The week was, like everything else, largely characterized by “readiness for change”, as many planned physical events had to be turned into virtual ones. These were all made available through the web page https://ernaeringnytter.dk, and posted via The Danish ESPEN society “DAPEN” www.dske.dk, Facebook, LinkedIn, patient societies, unions and different clinical societies websites. Go-cards were made for distribution among patients and old citizens in different settings with the text:
“Help us help you”.
Then your body resistance is improved and you will recover faster and better. We can help you with guidance and relieve symptoms that make it difficult to eat
❤️ The staff
It was really great to see how events could build and change in a very short period of time. A total of 44 web-events were held during the week. During the week, the program had 4421 individual visitors, spread across all the different links. Webinars had a broad covering throughout different issues, areas and specialities related to malnutrition. The Webinar most viewed was ‘Clinical Nutrition in Severe Illness’ by Randi Tobberup, RN. PhD, with 325 people attending, but all were well visited.
A huge amount of work was done at the many physical events, at many different locations. For example, lots of tastings of energy- and protein-dense delicacies were handed out, new leaflets were developed and distributed to citizens living at home who receive food service, home help and/or training, presented films about diet and cancer, and the before mentioned “GO-cards” were handed out.
This picture is from the local newspaper Dragør Nyt. See the whole article HERE. It is from Dragør Municipality’s food service, where they focused on diets for snack-eating and chewing-swallowing-friendly diets – both for citizens residing at nursing homes and citizens who have food delivery to their own home.
Two dieticians at Aalborg University Hospital, are ready to go visit ambulatory settings/outpatient clinics all over the hospital, together with 12 colleagues.

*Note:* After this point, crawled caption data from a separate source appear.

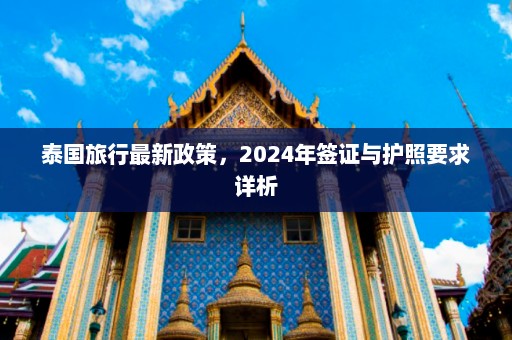 泰国旅行最新政策，2024年签证与护照要求详析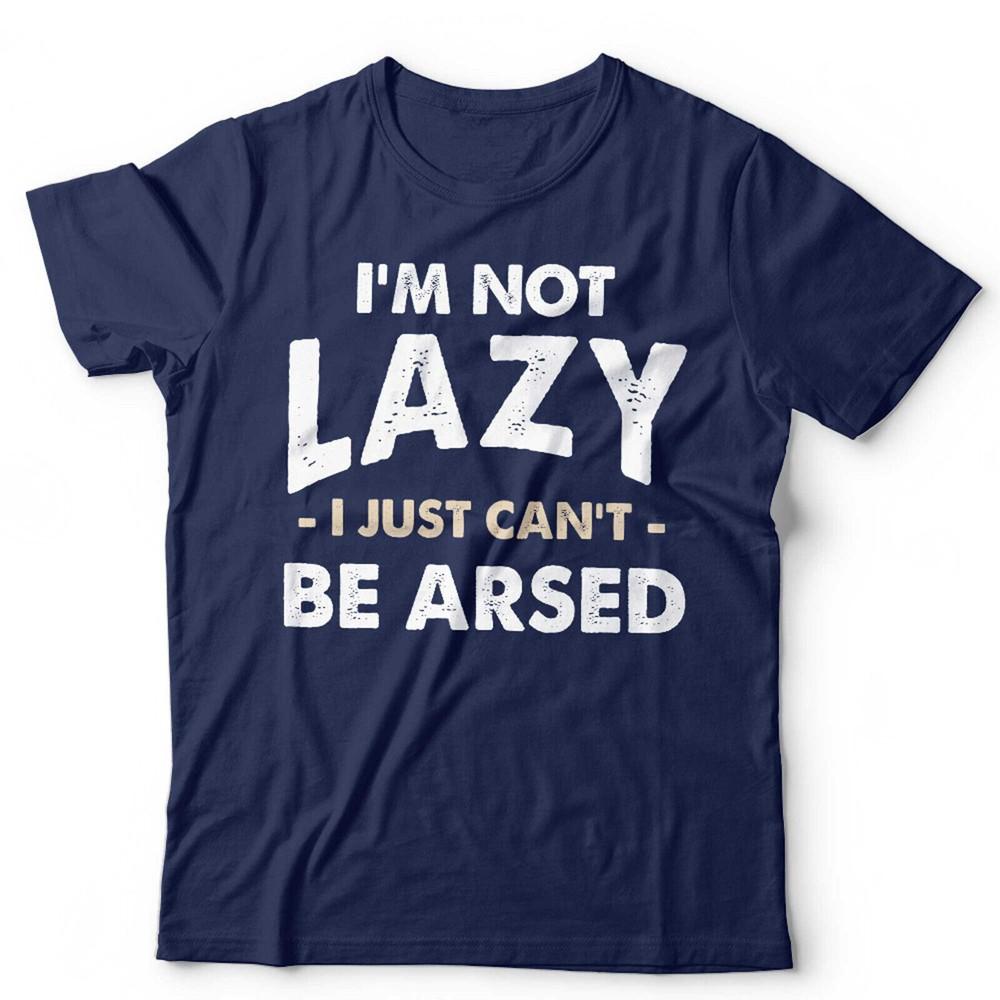 Im Not Lazy I Just Cant Be Arsed Unisex Kids Tshirt Funny Tired Gift Slob S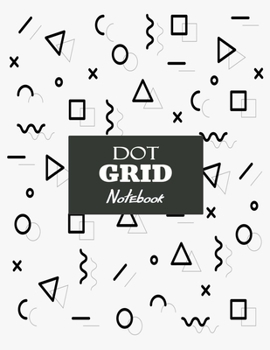Dot Grid Notebook: Dotted Journal Paper 8.5 X 11 | Bullet Journal with Dot Grid | Graphing Journal | Drawing & Note Notebook (Dot Graph Paper Journal)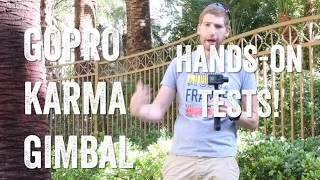 GOPRO KARMA GRIP GIMBAL! Hands-on and test footage!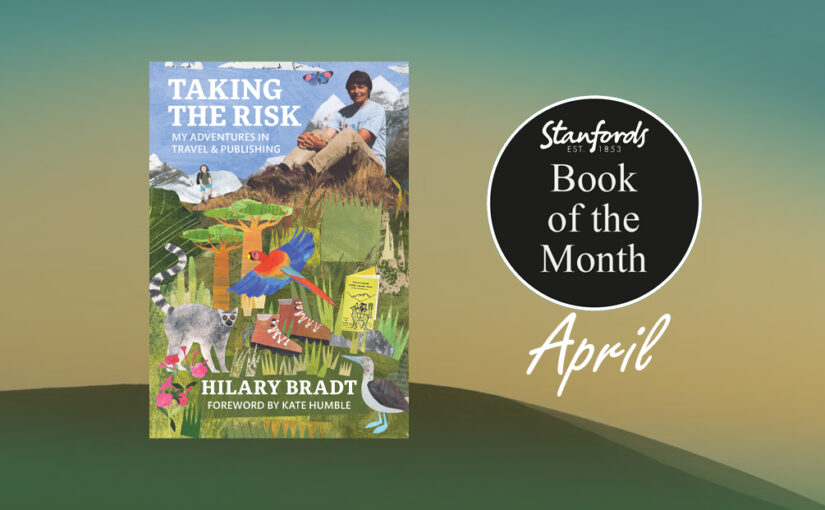 Book of the Month: Taking the Risk by Hilary Bradt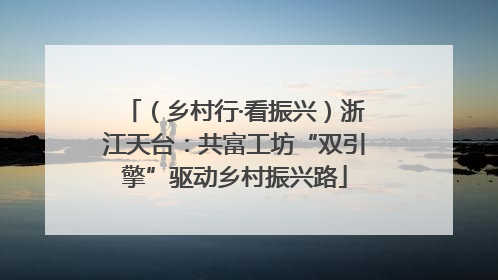 （乡村行·看振兴）浙江天台：共富工坊“双引擎”驱动乡村振兴路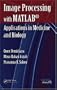 Image Processing with MATLAB: Applications in Medicine and Biology (MATLAB Examples)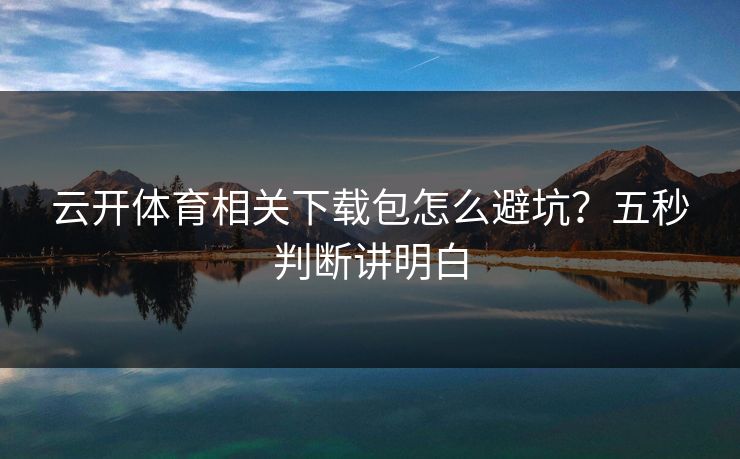 云开体育相关下载包怎么避坑？五秒判断讲明白
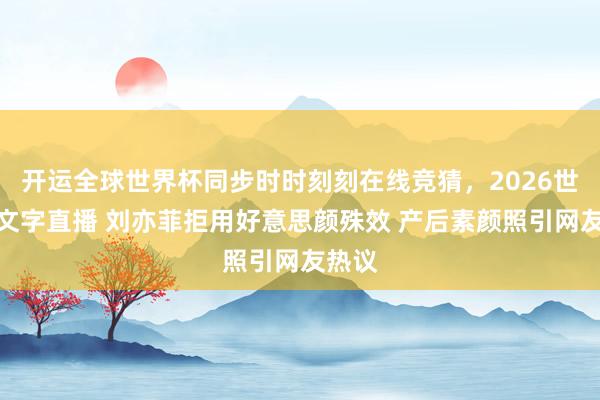 开运全球世界杯同步时时刻刻在线竞猜，2026世界杯文字直播 刘亦菲拒用好意思颜殊效 产后素颜照引网友热议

They handed out chocolates and “Go-carts”. Both Go-carts, chocolates and the talk with the dieticians and nutrition nurses, was highly welcomed by patients, relatives and staff.
Although press coverage was challenging against Corona, there were articles published in local newspapers and TV coverage on local channels in several area’s. At Aalborg University Hospital, Professor Henrik Højgaard Rasmussen and Mette Holst featured in a Regional TV broadcasting on Monday, the first nutrition week-day, covering the week’s activities. All week we have met patients and relatives in wards as well as ambulatory, who would refer to the TV broadcastings and praise the Danish Nutrition Week – Nutrition Matters initiative.
The Danish malnutrition Week was successful in creating attention for nutrition. Also, it has reached with the campaign far deeper into the municipalities than ONCA-Denmark and DAPEN previously been successful at. A lot of this is definitely due to the Diet and nutrition association’s very big and creative contribution and drawing attention to the week of their members and official collaborators.
The Malnutrition Week could have attracted more attention from politicians, managers in hospitals and municipalities, as well as those health professionals who are not already interested in nutrition. However, the COVID-crisis was top of mind in November and the Danish team will come back strong and is planning a new Malnutrition Week in 2021.